CUP o’ JOE: Spare Time, What to Do?

This past couple of years, it seems like we don’t spend so much of our time dealer trading, making deliveries…you remember when we used to do dealer trades, don’t you?  Anyway, it seems that we have time to do other things, and that’s not all bad. 

Now we can either spend more time making things happen, letting things happen, or simply gazing out there, stunned, thinking “…WHAT HAPPENED?” 

I can’t control the shortages.  I can’t control the trends that don’t serve my frustrated clients.  I can’t control world events that bring about the outcomes we face. 

But there are things I can control. 

I had the opportunity to spend time with Alan Mulally recently, and observed a few things that are important for me to keep close.  He is faithfully, almost fanatically, positive.  He is always looking to serve: one of his mantras is, “To Live is To Serve.”  And in the way that he carries himself talking to a bunch of us at a Truck Club (Association) meeting, sharing and relating as one of us in the lower altitudes is truly inspirational. 

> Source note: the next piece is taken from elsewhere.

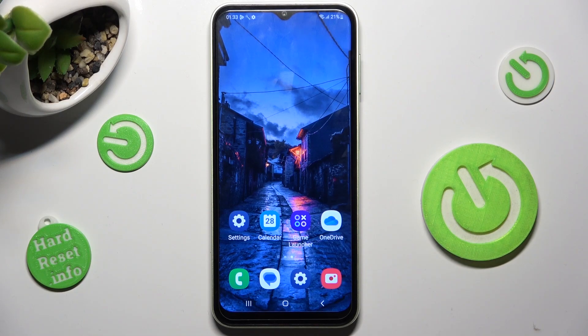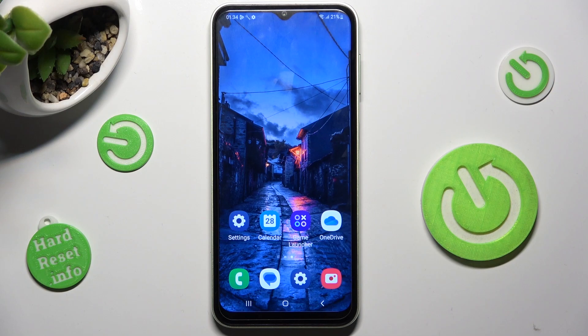Hi, in front of me is Samsung A13 and today I would like to show you how you can manage app permissions on this device.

As I read the book “American Icon” a few years ago, I was thinking about the timeline when Chrysler and General Motors were in deep debt, seeking federal assistance, and Alan was there at the hearings, advocating for their survival: indeed for the survival of the national economy. 

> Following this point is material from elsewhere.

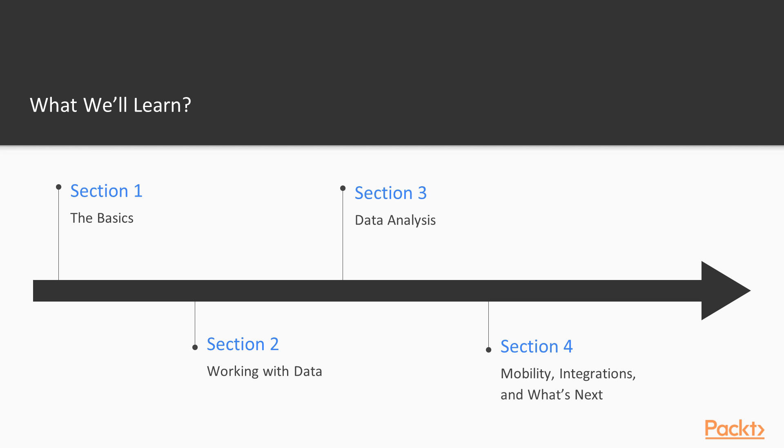This course is divided into four sections. In the first one, called The Basics, we'll try to understand what is CRM—that is, customer relationship management—and why do we even need it. Once we know that CRM is a very integral part of any business, I'll introduce one such offering from Microsoft, that is Microsoft Dynamics CRM or 365.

Then, the week before GM filed for bankruptcy, he took the time to come to our Club meeting in Seattle!

He had been having almost daily dialogue with key people in the federal government, with other OEMs, with leaders from other nations in which Ford was a key manufacturer. Crazy times for sure.  But, he made himself available to talk to us blue-collar FordPros, sharing his vision, his confidence, showing an incredible resiliency that created the phenomenal turnaround that we still prosper in today.

Alan seems always to be in command of his optimism: and it’s so contagious.

Now retired (in 2014), and some 75 years in age, Alan is still enthusiastically looking to the future, to a brighter tomorrow for all of us.  And when he returned to talk to some seventy of us, he brought his great optimism to us, once again. 

Thank you, Alan Mulally!  Your light shines as bright as a beacon on a hill!